The role of epistemic vs. aleatory uncertainty in quantifying AI-Xrisk

(Op­tional) Back­ground: what are epistemic/​aleatory un­cer­tainty?

Epistemic un­cer­tainty is un­cer­tainty about which model of a phe­nomenon is cor­rect. It can be re­duced by learn­ing more about how things work. An ex­am­ple is dis­t­in­guish­ing be­tween a fair coin and a coin that lands heads 75% of the time; these cor­re­spond to two differ­ent mod­els of re­al­ity, and you may have un­cer­tainty over which of these mod­els is cor­rect.

Aleatory un­cer­tainty can be thought of as “in­trin­sic” ran­dom­ness, and as such is ir­re­ducible. An ex­am­ple is the ran­dom­ness in the out­come of a fair coin flip.

In the con­text of ma­chine learn­ing, aleatoric ran­dom­ness can be thought of as ir­re­ducible un­der the mod­el­ling as­sump­tions you’ve made. It may be that there is no such thing as in­trin­sic ran­dom­ness, and ev­ery­thing is de­ter­minis­tic, if you have the right model and enough in­for­ma­tion about the state of the world. But if you’re re­strict­ing your­self to a sim­ple class of mod­els, there will still be many things that ap­pear ran­dom (i.e. un­pre­dictable) to your model.

Here’s the pa­per that in­tro­duced me to these terms: https://​​arxiv.org/​​abs/​​1703.04977

Rele­vance for mod­el­ling AI-Xrisk

I’ve pre­vi­ously claimed some­thing like “If run­ning a sin­gle copy of a given AI sys­tem (let’s call it SketchyBot) for 1 month has a 5% chance of de­stroy­ing the world, then run­ning it for 5 years has a 1 - .95**60 ~= ~95% chance of de­stroy­ing the world”. A similar ar­gu­ment ap­plied to run­ning many copies of SketchyBot in par­allel. But I’m sud­denly sur­prised that no­body has called me out on this (that I re­call), be­cause this rea­son­ing is valid only if this 5% risk is an ex­pres­sion of only aleatoric un­cer­tainty.

In fact, this “5% chance” is best un­der­stood as com­bin­ing epistemic and aleatory un­cer­tainty (by in­te­grat­ing over all pos­si­ble mod­els, ac­cord­ing to their sub­jec­tive prob­a­bil­ity).

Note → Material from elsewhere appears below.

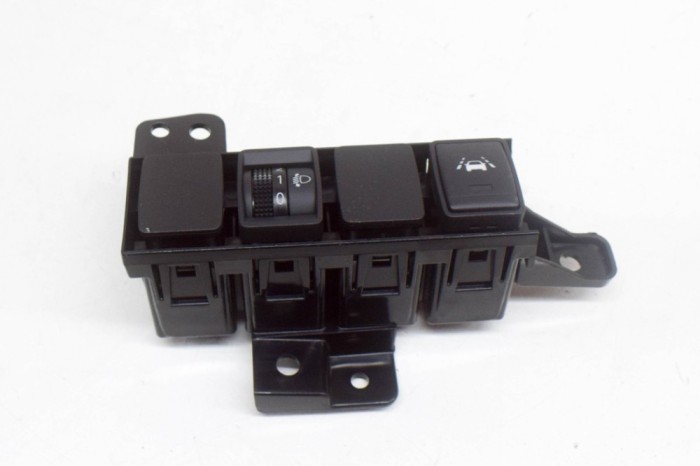 Panou de butoane NISSAN QASHQAI II J11, J11_ 2019 OEM: 9U312A,083492 | 12243981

Sig­nifi­cantly, epistemic un­cer­tainty doesn’t have this com­pound­ing effect! For ex­am­ple, you could two mod­els of how the world could work, one where we are lucky (L), and SketchyBot is com­pletely safe, and an­other where we are un­lucky (U), and run­ning SketchyBot even for 1 day de­stroys the world (im­me­di­ately). If you be­lieve we have a 5% chance of be­ing in world U and a 95% chance of be­ing in world L, then you can roll the dice and run SketchyBot and not in­cur more than a 5% Xrisk.

More­over, once you’ve ac­tu­ally run SketchyBot for 1 day, if you’re still al­ive, you can con­clude that you were lucky (i.e. we live in world L), and SketchyBot is in fact com­pletely safe. To be clear, I don’t think that ab­sence of ev­i­dence of dan­ger is strong ev­i­dence of safety in ad­vanced AI sys­tems (be­cause of things like treach­er­ous turns), but I’d say it’s a non­triv­ial amount of ev­i­dence. And it seems clear that I was over­es­ti­mat­ing Xrisk by naively com­pound­ing my sub­jec­tive Xrisk es­ti­mates.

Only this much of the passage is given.